DM Ragasa Ent vs. Banco de Oro
DM Ragasa Ent vs. Banco de Oro
DM Ragasa Ent vs. Banco de Oro
DM RAGASA V BDO
FACTS:
- Ragasa and Equitable Banking Corporation (Equitable Bank) entered into a Contract of Lease over
the ground and second floors of a commercial building for a period of 5 years, commencing on
February 1, 1998 up to January 31, 2003, with a monthly rental of P122,607.00.
- Equitable Bank merged with Philippine Commercial International Bank (PCI Bank) thereby forming
Equitable PCI Bank, Inc. and later on merged with BDO.
- As a result of the merger, the bank closed and joined the branches of its banks which were in close
proximity to be practical.
- One of the branches which had to be closed is the branch located in the subject premises.
- The bank sent a notice informing Ragasa that they are pre-terminating their Lease Contract
- Ragasa responded with a demand letter for the payment of monthly rentals for the remaining term
of the Lease Contract from July 1, 2001 to January 31, 2003 totaling P3,146,596.42, because there
is no express provision in the Lease Contract allowing pre-termination.
- The bank alleged that its only liability for pre-terminating the contract is the forfeiture of its security
deposit.
- Later on, the bank vacated the subject premises without heeding Ragasa's demand for payment.
- Ragasa filed before the RTC a Complaint for Collection of Sum of Money and Damages.
- RTC: in favor of Ragasa; the bank may not unilaterally pre-terminate the Lease Contract; hence, it
is still liable to pay the rentals for the remaining duration of the said contract.

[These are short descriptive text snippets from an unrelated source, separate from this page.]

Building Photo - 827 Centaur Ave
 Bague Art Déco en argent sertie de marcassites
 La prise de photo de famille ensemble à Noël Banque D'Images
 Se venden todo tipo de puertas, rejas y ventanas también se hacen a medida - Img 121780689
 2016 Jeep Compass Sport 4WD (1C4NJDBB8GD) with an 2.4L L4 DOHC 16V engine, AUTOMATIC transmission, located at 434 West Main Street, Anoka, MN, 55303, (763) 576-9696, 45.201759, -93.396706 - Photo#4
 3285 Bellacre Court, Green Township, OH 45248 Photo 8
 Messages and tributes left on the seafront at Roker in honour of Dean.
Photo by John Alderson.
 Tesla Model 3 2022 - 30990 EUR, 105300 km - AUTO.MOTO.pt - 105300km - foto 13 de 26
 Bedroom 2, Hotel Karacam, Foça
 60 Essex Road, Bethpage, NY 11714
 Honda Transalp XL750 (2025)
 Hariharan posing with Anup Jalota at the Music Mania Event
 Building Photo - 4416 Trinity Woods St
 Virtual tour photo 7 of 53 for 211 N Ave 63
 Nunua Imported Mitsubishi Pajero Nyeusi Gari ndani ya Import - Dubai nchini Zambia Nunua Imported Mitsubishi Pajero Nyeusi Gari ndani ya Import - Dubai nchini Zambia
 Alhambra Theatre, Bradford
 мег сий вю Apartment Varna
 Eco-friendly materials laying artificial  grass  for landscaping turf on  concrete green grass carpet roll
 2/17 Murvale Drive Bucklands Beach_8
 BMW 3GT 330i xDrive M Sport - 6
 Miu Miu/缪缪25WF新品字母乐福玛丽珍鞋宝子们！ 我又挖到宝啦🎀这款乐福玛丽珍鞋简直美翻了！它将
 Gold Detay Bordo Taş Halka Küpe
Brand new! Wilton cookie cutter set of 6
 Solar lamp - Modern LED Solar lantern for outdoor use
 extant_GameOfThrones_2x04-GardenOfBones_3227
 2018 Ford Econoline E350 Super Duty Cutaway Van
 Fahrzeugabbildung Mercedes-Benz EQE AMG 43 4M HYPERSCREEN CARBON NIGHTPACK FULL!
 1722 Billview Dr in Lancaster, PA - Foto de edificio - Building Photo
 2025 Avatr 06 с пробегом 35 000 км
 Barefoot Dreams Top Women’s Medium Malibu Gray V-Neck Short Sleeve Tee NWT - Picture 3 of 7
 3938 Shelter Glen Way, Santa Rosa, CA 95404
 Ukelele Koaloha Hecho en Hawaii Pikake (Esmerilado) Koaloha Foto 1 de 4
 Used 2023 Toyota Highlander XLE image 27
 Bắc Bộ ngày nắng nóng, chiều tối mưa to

- CA: Reversed the ruling of RTC; bank's failure to continue the Lease Contract until its expiration
constituted a breach of its provision.
ISSUE:
- WON there was a breach of the contract.
RULING:
- In the case at bar, there is no question that the bank breached the Lease Contract. When it served
upon Ragasa the Notice of Pre-termination effective June 30, 2001 and when it, indeed, vacated the
subject premises on said date, the bank, in effect, breached item 2 of the Lease Contract, providing
for a five-year term. It must be noted that the Lease Contract does not contain a pre-termination
clause.
- Article 1170 of the Civil Code mandates that those who, in the performance of their obligations, are
guilty of fraud, negligence, or delay, and those who, in any manner, contravene the tenor thereof,
are liable for damages.
- Having contravened the tenor of the Lease Contract regarding its term or period, the bank should be
liable for damages.
- If the lessor or the lessee should not comply with their obligations, the aggrieved party may ask for
either the rescission of the contract and indemnification for damages, or only the latter, allowing the
contract to remain in force.
- In the present case, there is an express stipulation in item 8(p) of the Lease Contract that "breach or
non-compliance of any of the provisions of this Contract, especially non-payment of two consecutive
monthly rentals on time, shall mean the termination of this Contract.”
- There is nothing wrong if the parties to the lease contract agreed on certain mandatory provisions
concerning their respective rights and obligations, such as the procurement of the insurance and
rescission clause.
- To force either party to continue with a contract that is automatically terminated in case of its breach
by either party (pursuant to its express provision) is not in furtherance of or sanctioned by the
contract. Rather, it is a contravention thereof and it negates the autonomy characteristic of
contracts.
- On Ragasa’s claim to damages, lessee will be liable for damages equivalent to the rentals for the
duration of its possession from the termination of the lease until he vacates the premises.